> WHAT THIS TASK INVOLVES
Each line of the data below between the one containing "Mar Leather Clog" and the one containing "Hotellet bidrar med", both included, is to be repeated exactly. Please omit pictures.

==== EXERCISE DATA

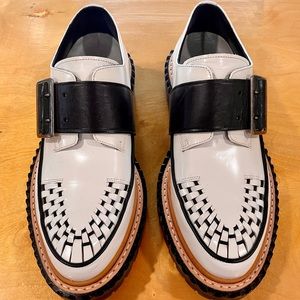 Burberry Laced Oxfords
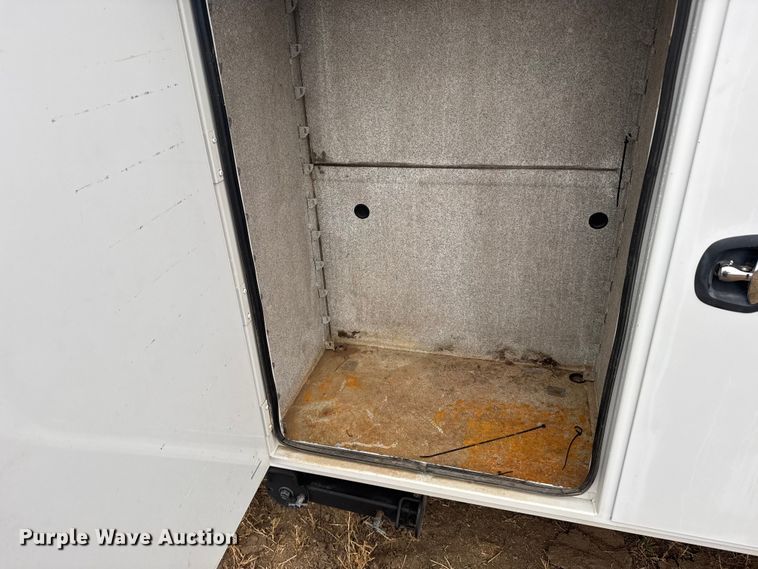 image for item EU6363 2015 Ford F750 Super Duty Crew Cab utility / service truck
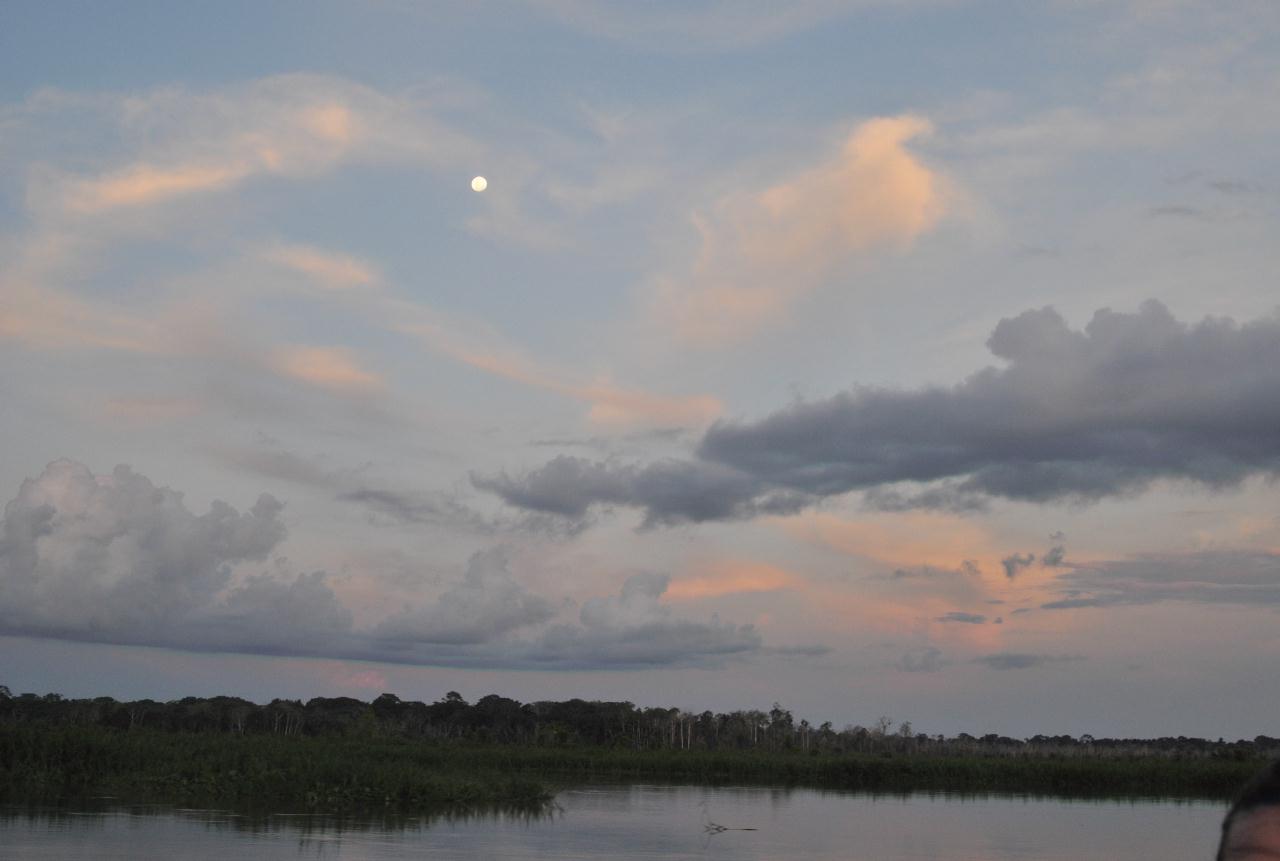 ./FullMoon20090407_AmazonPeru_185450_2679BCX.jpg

========
==== EXERCISE DATA

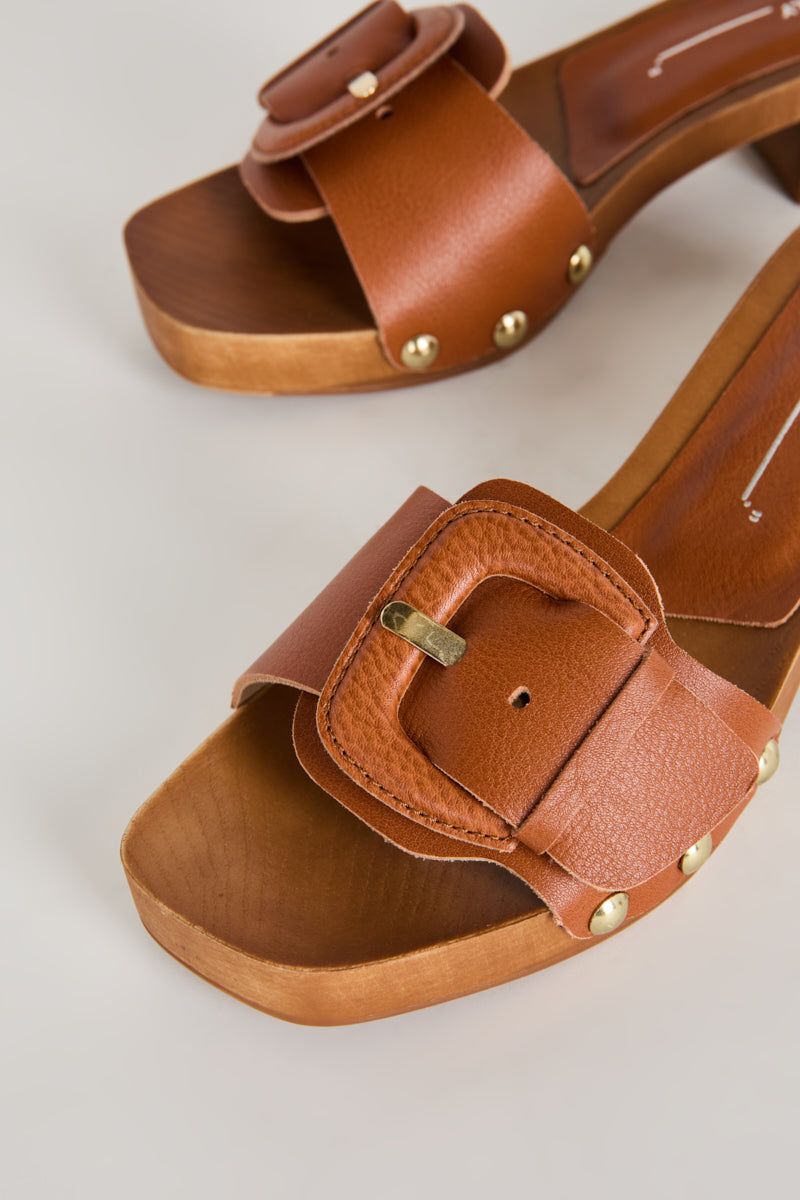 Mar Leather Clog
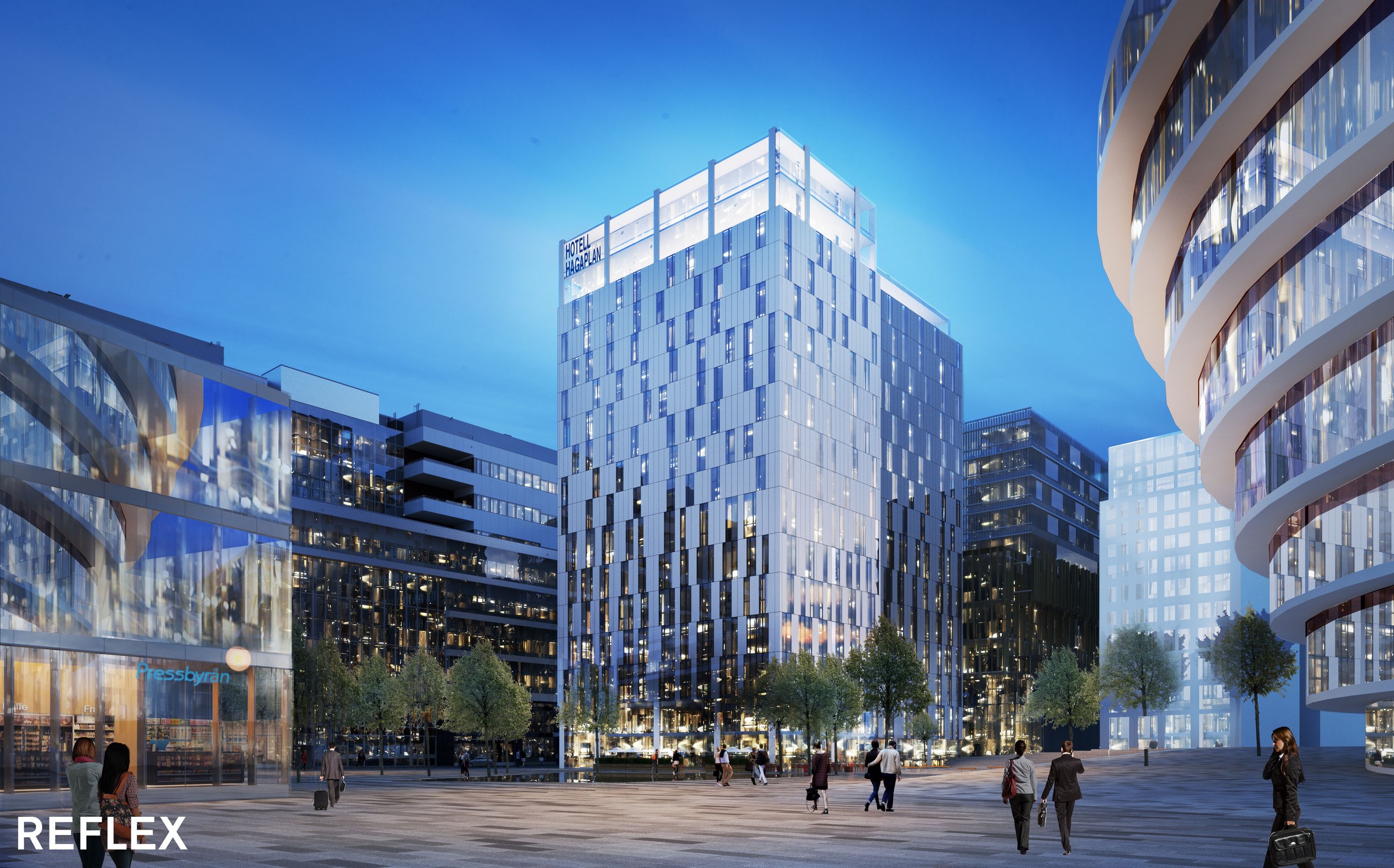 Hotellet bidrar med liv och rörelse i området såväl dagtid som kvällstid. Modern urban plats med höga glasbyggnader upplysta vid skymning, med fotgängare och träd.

========

> RESPONSE TO THIS TASK
 Mar Leather Clog
 Hotellet bidrar med liv och rörelse i området såväl dagtid som kvällstid. Modern urban plats med höga glasbyggnader upplysta vid skymning, med fotgängare och träd.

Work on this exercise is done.